Der Natur nachgeahmt: Ein Geflecht aus Muskelfasern (Muskelfasern in rot, Zellkerne in blau) wächst auf einem Gerüst auf gesponnenem Kunststoff.

© Empa Materials Science and Techn

ST. GALLEN / ZÜRICH. Eine Alternative zur Transplantation eines Spenderherzens wäre ein künstliches Herz, das nach der Implantation keinerlei Abstoßungsreaktionen im Körper auslöst.
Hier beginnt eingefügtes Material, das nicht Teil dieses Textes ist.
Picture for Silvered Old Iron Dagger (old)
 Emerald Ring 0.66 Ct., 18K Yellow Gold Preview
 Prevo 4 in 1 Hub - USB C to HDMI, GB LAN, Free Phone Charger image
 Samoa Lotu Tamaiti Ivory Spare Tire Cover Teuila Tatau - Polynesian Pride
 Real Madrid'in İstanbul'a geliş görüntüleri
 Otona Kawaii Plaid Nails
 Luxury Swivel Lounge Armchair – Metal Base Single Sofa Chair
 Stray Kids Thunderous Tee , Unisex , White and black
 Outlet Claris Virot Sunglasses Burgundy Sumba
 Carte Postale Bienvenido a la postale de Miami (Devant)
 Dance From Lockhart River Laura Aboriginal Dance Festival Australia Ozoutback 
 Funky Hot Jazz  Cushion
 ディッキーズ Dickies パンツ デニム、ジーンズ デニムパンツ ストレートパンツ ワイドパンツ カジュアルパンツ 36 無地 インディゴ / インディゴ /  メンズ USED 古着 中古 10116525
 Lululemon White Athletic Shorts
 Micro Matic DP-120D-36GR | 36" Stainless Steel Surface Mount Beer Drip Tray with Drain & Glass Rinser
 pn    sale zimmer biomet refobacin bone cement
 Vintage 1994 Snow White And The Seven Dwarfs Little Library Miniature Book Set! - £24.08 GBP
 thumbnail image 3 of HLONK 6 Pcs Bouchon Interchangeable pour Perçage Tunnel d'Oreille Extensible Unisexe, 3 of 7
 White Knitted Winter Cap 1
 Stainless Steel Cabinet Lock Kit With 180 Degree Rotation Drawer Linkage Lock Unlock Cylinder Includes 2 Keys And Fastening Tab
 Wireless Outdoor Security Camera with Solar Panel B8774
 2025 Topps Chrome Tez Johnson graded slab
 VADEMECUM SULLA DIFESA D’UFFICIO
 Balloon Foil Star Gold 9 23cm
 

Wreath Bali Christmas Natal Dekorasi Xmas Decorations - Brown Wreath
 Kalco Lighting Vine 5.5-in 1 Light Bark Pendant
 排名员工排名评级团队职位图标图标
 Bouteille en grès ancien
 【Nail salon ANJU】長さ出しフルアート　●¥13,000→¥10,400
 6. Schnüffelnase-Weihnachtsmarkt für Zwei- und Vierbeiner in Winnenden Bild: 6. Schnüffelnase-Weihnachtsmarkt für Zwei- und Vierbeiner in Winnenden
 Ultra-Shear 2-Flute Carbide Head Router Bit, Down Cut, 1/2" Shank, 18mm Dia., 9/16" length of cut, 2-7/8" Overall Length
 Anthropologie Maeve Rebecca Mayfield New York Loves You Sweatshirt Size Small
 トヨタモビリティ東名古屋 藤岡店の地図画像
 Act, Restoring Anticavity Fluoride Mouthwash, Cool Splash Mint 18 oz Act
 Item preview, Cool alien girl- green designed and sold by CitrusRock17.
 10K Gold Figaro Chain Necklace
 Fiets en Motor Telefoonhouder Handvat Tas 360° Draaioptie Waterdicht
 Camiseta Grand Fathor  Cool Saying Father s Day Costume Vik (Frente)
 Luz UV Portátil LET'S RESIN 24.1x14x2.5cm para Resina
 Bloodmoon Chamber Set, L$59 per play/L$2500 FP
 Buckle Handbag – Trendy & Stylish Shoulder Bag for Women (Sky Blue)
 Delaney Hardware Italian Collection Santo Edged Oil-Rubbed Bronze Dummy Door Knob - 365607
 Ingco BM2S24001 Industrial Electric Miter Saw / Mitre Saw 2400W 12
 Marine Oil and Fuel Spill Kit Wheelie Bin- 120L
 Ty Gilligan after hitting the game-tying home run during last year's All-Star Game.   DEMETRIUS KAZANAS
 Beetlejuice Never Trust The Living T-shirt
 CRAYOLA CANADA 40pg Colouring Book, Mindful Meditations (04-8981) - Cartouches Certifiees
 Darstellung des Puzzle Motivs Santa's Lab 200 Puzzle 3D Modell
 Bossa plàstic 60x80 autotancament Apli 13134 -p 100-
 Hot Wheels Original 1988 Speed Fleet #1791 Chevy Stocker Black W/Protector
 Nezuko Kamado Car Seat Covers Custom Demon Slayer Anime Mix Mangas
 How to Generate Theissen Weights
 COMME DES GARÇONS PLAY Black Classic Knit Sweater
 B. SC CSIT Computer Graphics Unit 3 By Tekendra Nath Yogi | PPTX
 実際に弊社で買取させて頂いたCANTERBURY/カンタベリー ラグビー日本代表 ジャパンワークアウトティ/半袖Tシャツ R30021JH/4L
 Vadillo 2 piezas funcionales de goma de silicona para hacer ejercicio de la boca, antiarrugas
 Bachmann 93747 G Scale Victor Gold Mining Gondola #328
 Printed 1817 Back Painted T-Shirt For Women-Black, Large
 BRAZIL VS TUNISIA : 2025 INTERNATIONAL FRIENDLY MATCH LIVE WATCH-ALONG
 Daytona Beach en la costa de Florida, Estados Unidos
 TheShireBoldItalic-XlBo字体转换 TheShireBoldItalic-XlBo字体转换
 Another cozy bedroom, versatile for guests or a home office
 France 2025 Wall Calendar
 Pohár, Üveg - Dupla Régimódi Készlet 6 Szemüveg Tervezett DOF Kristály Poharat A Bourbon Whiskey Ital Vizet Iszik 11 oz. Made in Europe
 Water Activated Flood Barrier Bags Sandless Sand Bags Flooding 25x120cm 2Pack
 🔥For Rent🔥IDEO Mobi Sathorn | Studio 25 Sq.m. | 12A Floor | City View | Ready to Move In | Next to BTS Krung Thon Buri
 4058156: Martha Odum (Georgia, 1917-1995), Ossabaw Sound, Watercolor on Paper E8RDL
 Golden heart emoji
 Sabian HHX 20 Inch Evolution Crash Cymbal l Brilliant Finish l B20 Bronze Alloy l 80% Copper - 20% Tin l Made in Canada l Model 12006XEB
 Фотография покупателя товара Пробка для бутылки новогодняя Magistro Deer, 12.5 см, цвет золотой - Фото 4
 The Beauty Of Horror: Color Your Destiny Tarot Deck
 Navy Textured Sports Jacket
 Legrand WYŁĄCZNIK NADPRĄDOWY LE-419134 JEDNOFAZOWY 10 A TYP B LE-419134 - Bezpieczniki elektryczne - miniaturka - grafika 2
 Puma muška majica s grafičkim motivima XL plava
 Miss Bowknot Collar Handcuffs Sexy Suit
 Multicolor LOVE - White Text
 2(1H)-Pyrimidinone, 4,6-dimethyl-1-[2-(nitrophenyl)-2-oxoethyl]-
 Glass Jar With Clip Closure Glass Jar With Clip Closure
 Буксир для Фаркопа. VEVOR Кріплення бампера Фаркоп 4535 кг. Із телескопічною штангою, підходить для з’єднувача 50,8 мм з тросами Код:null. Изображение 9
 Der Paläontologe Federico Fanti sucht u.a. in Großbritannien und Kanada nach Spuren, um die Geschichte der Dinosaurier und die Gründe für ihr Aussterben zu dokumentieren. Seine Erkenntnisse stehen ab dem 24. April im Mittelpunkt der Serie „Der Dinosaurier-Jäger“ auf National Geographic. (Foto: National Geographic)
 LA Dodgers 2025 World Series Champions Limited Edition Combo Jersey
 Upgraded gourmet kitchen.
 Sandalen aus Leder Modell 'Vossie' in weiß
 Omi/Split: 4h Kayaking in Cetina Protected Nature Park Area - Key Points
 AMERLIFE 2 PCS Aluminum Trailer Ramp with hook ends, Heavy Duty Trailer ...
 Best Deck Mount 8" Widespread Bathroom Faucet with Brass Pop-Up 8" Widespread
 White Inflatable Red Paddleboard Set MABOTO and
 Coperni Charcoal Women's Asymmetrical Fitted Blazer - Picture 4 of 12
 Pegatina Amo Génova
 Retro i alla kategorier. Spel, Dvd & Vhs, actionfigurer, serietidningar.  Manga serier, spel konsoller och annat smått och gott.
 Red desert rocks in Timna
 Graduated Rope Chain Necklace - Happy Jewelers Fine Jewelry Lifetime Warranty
Das Projekt "Zurich Heart" des Forschungsverbundes Hochschulmedizin Zürich, dessen Partner das Schweizer Forschungsinstitut Empa Material Science and Technology ist, entwickelt derzeit ein solches Kunstherz.

Damit die "Pumpe aus dem Labor" vom Körper angenommen wird, soll sie – einer Tarnkappe gleich – von menschlichem Gewebe umhüllt und ausgekleidet sein. Bisher ist das Züchten von mehrschichtigen funktionsfähigen Geweben jedoch noch eine große Herausforderung im aufstrebenden Gebiet des "Tissue Engineering".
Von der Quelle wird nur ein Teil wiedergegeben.